-- Opening Marker --
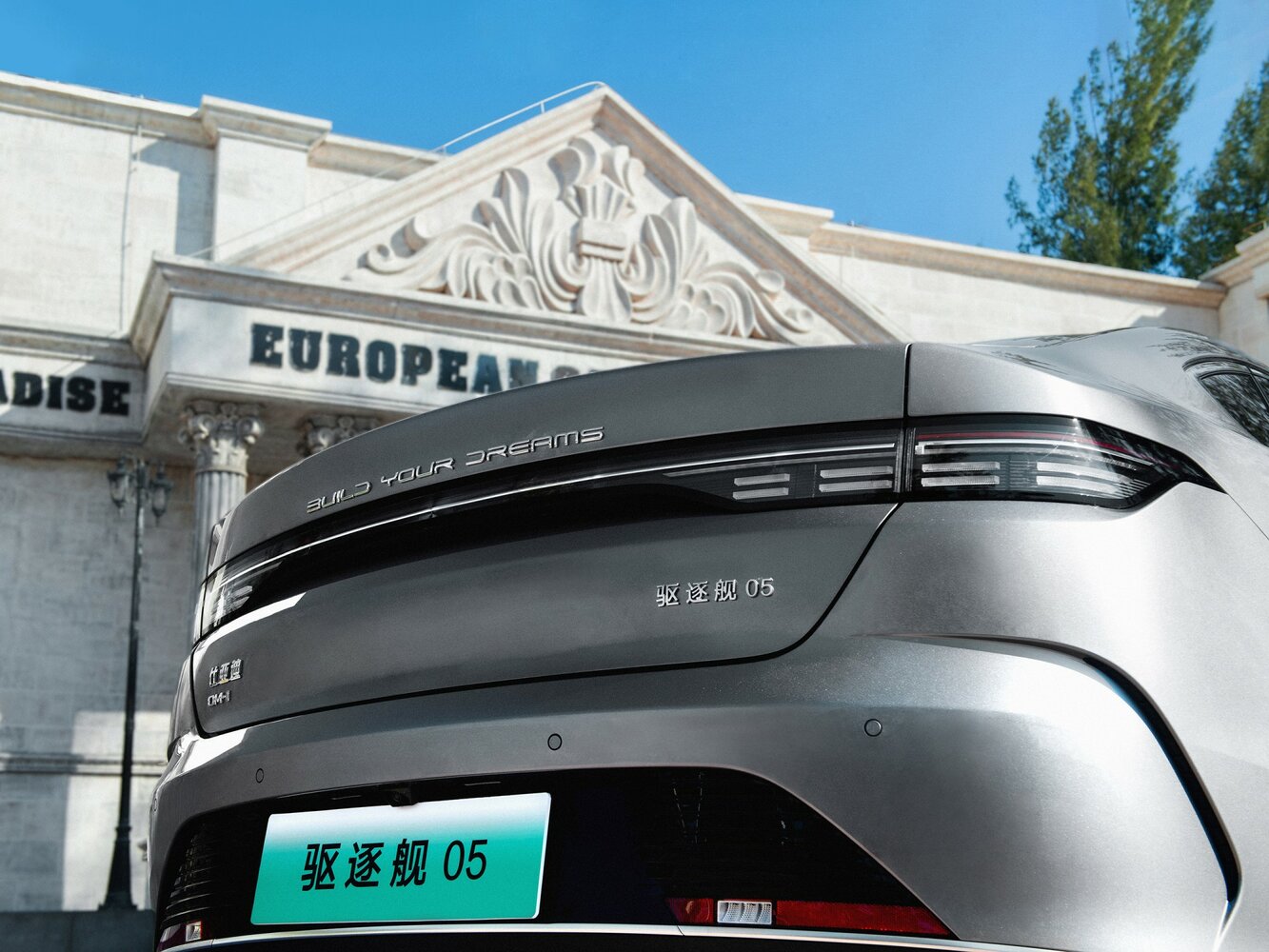BYD Destroyer 05 05 2022 DM-i 55KM Luxury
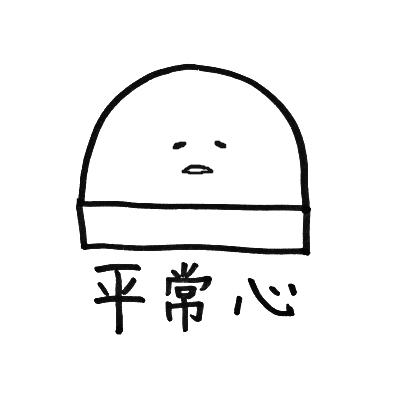 ダサかわいい スウェットの通販 Suzuri スズリ ダサかわいい スウェットの通販 Suzuri スズリ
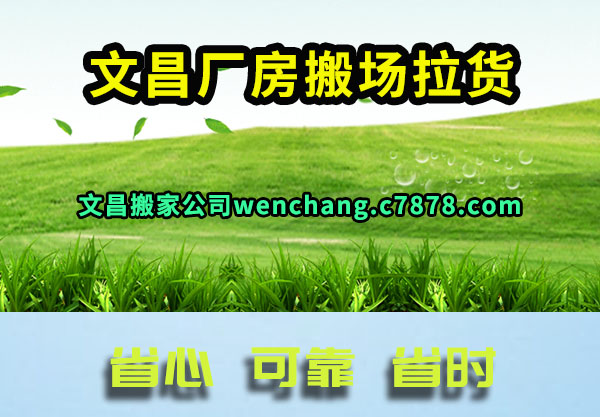 �Ĳ������᳡����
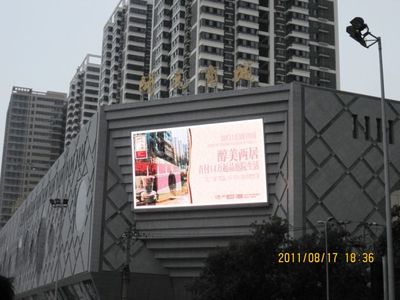 西安西稍门开元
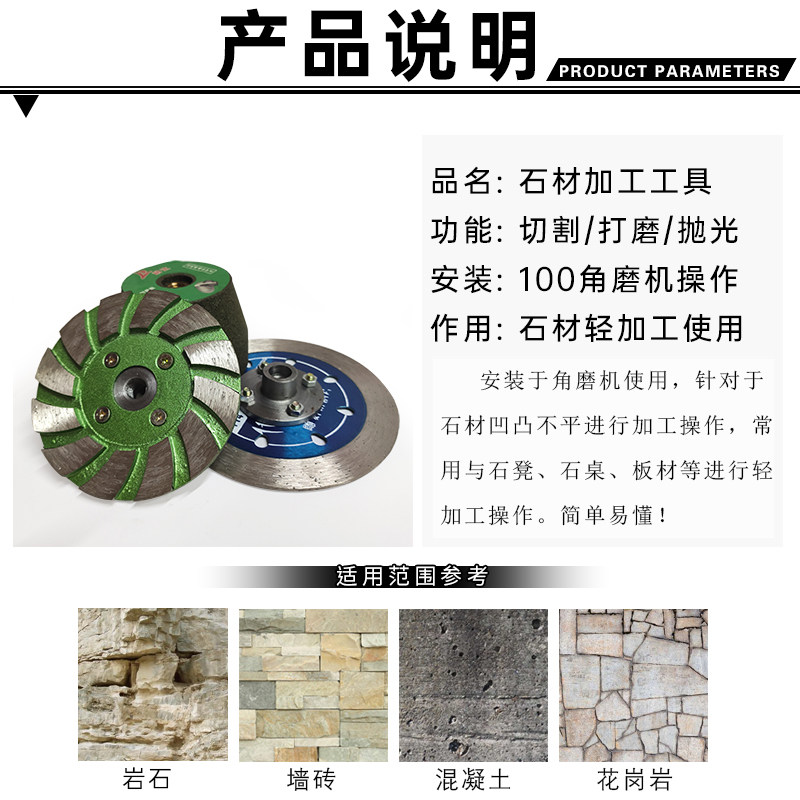 Точильное кольцо 石材加工套件打磨片切割锯片金刚石磨头砂轮磨削铲平角磨机切割片
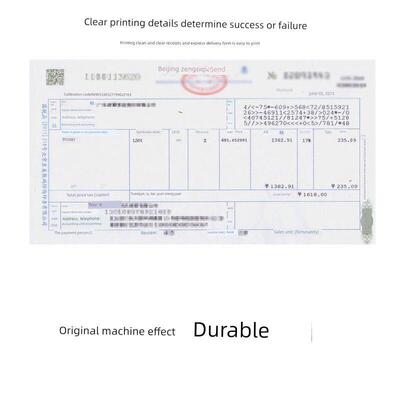 适用得实DS1920 580P 600Pro 650Pro 570 620II 550II 1930打印头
-- Closing Marker --
* _AIM OF THE EXERCISE_: Reproduce these records exactly, but not the pictures.

* _RESULT FOR THIS EXERCISE_:
BYD Destroyer 05 05 2022 DM-i 55KM Luxury
 ダサかわいい スウェットの通販 Suzuri スズリ ダサかわいい スウェットの通販 Suzuri スズリ
 �Ĳ������᳡����
 西安西稍门开元
 Точильное кольцо 石材加工套件打磨片切割锯片金刚石磨头砂轮磨削铲平角磨机切割片
 适用得实DS1920 580P 600Pro 650Pro 570 620II 550II 1930打印头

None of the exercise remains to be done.